Metro

Hamptons caddy shares moguls’ golf secrets

They may be in the 1 percent — but they shoot 20 over par.

They’ll cheat when they think no one’s watching, and own so many cars, they’ll inadvertently drive home another golfer’s Mercedes. And forget birdies or eagles — they’ll force you to carry their precious poodles.

This is the rough stuff known only to a select club: Hamptons caddies.

Until now.

Teeing off the dim duffers in a new tell-all is Scott Werner, 48, who left his finance job 11 years ago to pursue his love of golf — as a caddy at the exclusive East Hampton Golf Club, where members include Jeff Zucker, Jason Kidd, Lloyd Blankfein, Lorne Michaels and Mort Zuckerman.

“The golf you see on TV is definitely not the golf we caddy for,” said Werner.

At the 18-hole, members-only Hamptons course, where the starting fee alone is $400,000, millionaires pay a high price to play golf out of the public eye.

Yet some in the Fortune 500 can be so clueless, they’ll mistake fertilizer for the ball.

Werner recalls one morning when a mogul just couldn’t take losing to his financial adviser.

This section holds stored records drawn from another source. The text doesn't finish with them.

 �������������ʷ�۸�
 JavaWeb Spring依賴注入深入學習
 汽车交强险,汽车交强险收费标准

He threw his putter in the air, upbraided the golf ball, and stomped around the fairway in anger.

Then he lined up next to a wad of foam he thought was a ball and swung so hard, he collapsed.

“These are people controlling the financial world, and it’s amazing, the things they say,” said Werner, who travels as a caddy-trainer and once carried for Tiger Woods and Jack Nicholson.

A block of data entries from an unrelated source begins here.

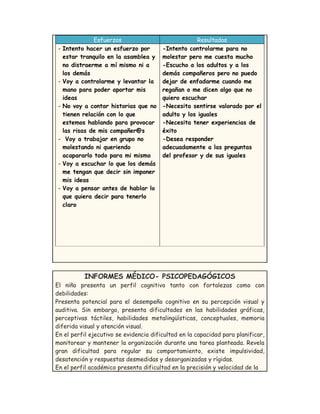 Esfuerzos Resultados
- Intento hacer un esfuerzo por
estar tranquilo en la asamblea y
no distraerme a mí mismo ni a
los demás
- Voy a controlarme y levantar la
mano para poder aportar mis
ideas
- No voy a contar historias que no
tienen relación con lo que
estemos hablando para provocar
las risas de mis compañer@s
- Voy a trabajar en grupo no
molestando ni queriendo
acapararlo todo para mi mismo
- Voy a escuchar lo que los demás
me tengan que decir sin imponer
mis ideas
- Voy a pensar antes de hablar lo
que quiera decir para tenerlo
claro
-Intento controlarme para no
molestar pero me cuesta mucho
-Escucho a los adultos y a los
demás compañeros pero no puedo
dejar de enfadarme cuando me
regañan o me dicen algo que no
quiero escuchar
-Necesita sentirse valorado por el
adulto y los iguales
-Necesita tener experiencias de
éxito
-Desea responder
adecuadamente a las preguntas
del profesor y de sus iguales
INFORMES MÉDICO- PSICOPEDAGÓGICOS
El niño presenta un perfil cognitivo tanto con fortalezas como con
debilidades:
Presenta potencial para el desempeño cognitivo en su percepción visual y
auditiva. Sin embargo, presenta dificultades en las habilidades gráficas,
perceptivas táctiles, habilidades metalingüísticas, conceptuales, memoria
diferida visual y atención visual.
En el perfil ejecutivo se evidencia dificultad en la capacidad para planificar,
monitorear y mantener la organización durante una tarea planteada. Revela
gran dificultad para regular su comportamiento, existe impulsividad,
desatención y respuestas desmedidas y desorganizadas y rígidas.
En el perfil académico presenta dificultad en la precisión y velocidad de la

When the club first opened years ago, Alec Baldwin would terrorize CEOs by driving up to the course in a blue car and park with a cup of coffee, Werner recalled.

Anytime someone would take a swing, he’d honk his horn to faze them. It’s rumored he loathed the club for environmental reasons.

As he describes in his self-published book “Caddy Tales,” schlepping for lady millionaires is no gimme. One guest, adorned in diamonds, announced, “Precious is going to go with us,” as she handed Werner her clubs.

“Sure, where’s their golf bag?” Werner recalled saying. “That’s when she said, ‘No! Precious is my dog!’ Everyone on the course was staring. She didn’t want to leave her dog in her Bentley,” he said.

Werner was stuck carrying the canine on his shoulder for nine holes.

Once a caddy becomes part of their circle, however, there’s plenty of perks.

Some magnates tip $100 per birdie when they’re feeling lucky.

Venture capitalist Fred Wilson and former Yahoo big Greg Coleman even donated to a Kickstarter Web campaign for Werner’s T-shirt line.

His “Billionaire Golf Shirts” line features wacky quotes from Wall Street power players. There’s “I shot 80 today but I cheated” and “I can’t hit this shot left-handed. I’m not amphibious.”

Werner said none of it is out of bounds.

“I’m not making fun of them — I’m laughing with them,” he said. “I still think it’s such a privilege to be out here.”